Mon City to host county Veterans Day parade
MONONGAHELA – Monongahela Veterans Council will host this year’s Washington County Veterans Day parade Saturday following a guest appearance by a city native who rose to the rank of four-star general, serving as chief of staff of the U.S. Army during the Gulf War.
Retired Gen. Carl E. Vuono will participate in 9:30 a.m. veterans services at Chess Park, where the council also will recognize him by renaming Monongahela Bridge in his honor.
The service will then relocate to the bridge along Route 88 south to unveil a sign dedicating the span as the Gen. Carl E. Vuono Bridge.
“I believe it’s only proper for the elected members of this city to commemorate the sacrifices of the men and women from this area who have served their country by renaming the (bridge) after Gen. Vuono,” Monongahela Councilman Tom Caudill said.
Maj. Gen. Kimberly A. Siniscalchi, a native of nearby Charleroi, will speak at an invitation-only 11:30 a.m. luncheon at Monongahela Veterans of Foreign Wars Post 1409 in the 700 block of East Main Street. Siniscalchi, who serves as assistant Air Force surgeon general, will later serve as parade marshal.
The parade featuring more than 70 units and a military fly-over will form at Chess Park before the march route follows Main Street south, beginning at 2 p.m.
“It’s going to be great,” said Tom Corey, general chairman of the Veterans Council. “It’s looking to be a great success.”
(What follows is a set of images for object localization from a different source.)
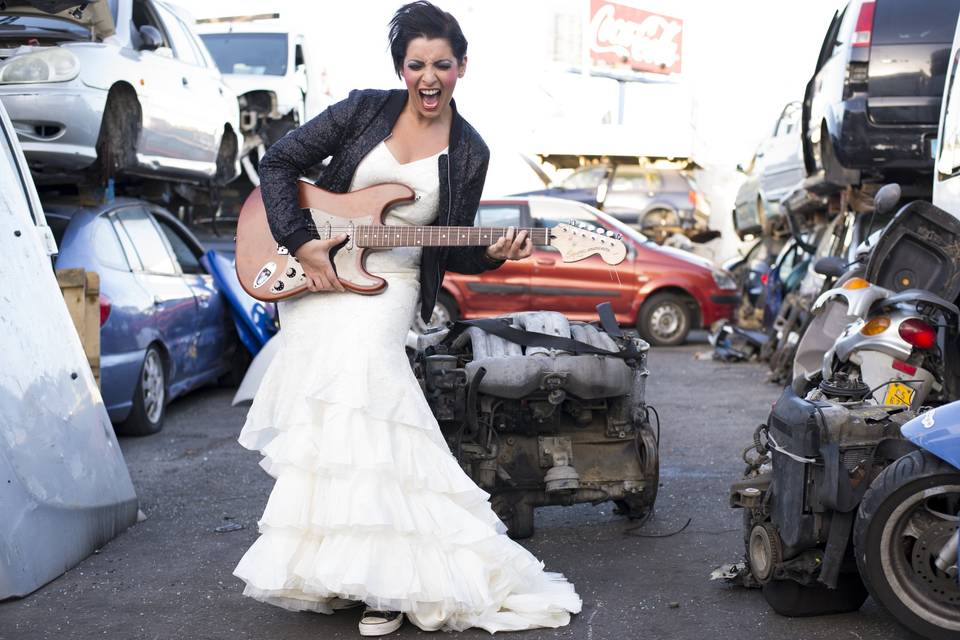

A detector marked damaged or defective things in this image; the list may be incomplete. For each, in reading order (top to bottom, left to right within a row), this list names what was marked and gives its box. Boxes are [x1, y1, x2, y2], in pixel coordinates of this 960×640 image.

wrecked car [412, 308, 660, 536]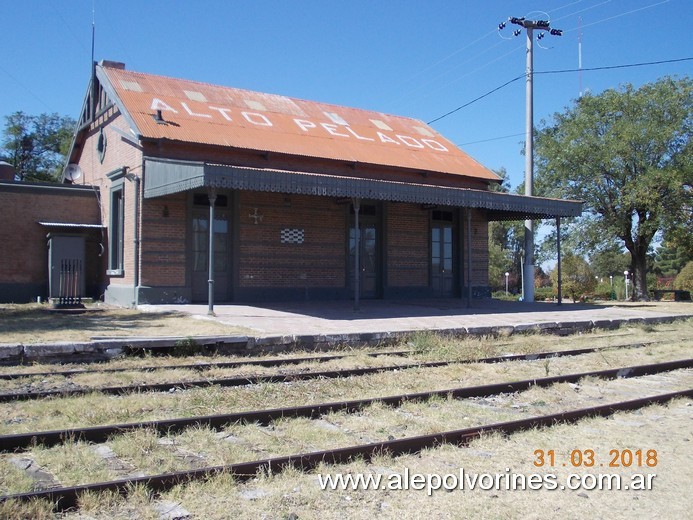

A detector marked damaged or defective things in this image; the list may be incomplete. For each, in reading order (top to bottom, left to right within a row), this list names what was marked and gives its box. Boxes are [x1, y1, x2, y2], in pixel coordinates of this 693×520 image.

rusty corrugated roof [100, 64, 500, 183]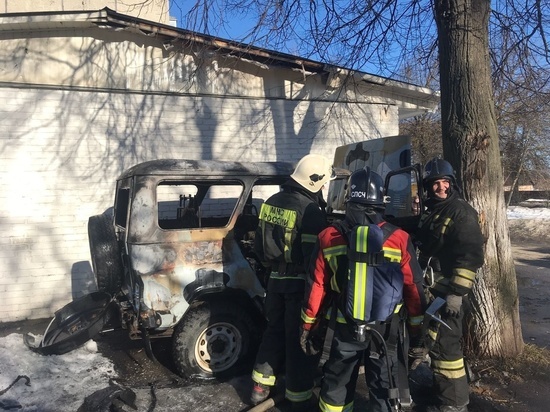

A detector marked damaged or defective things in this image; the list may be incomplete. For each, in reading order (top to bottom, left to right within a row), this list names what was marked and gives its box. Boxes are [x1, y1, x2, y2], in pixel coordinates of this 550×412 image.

burned vehicle [87, 159, 298, 378]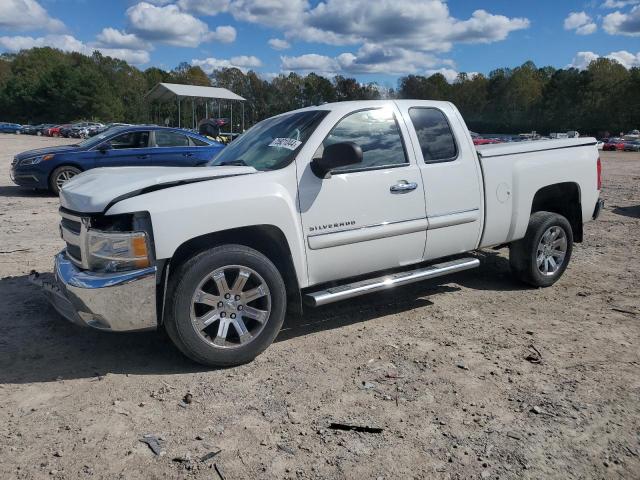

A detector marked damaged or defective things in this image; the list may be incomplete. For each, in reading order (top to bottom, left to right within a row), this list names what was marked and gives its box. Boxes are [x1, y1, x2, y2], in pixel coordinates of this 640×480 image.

Sate Rep. Rick Saccone, R-Jefferson Hills, will serve as keynote speaker at the 9:30 a.m. program in Chess Park in the 600 block of West Main Street.
Vuono, 78, served three tours in the Vietnam War as an artillery battalion executive officer with the 1st Infantry Division.
He was nominated at age 52 to be Army chief of staff by President Ronald Reagan in 1987, becoming the Army’s youngest person to hold the post. He is a West Point graduate.
Siniscalchi earned her nursing degree in 1979 from Duquesne University, Pittsburgh, after graduating from Charleroi Area High School, where she was a majorette.
She went on to serve as White House nurse for President George H.W. Bush from 1990 to 1993.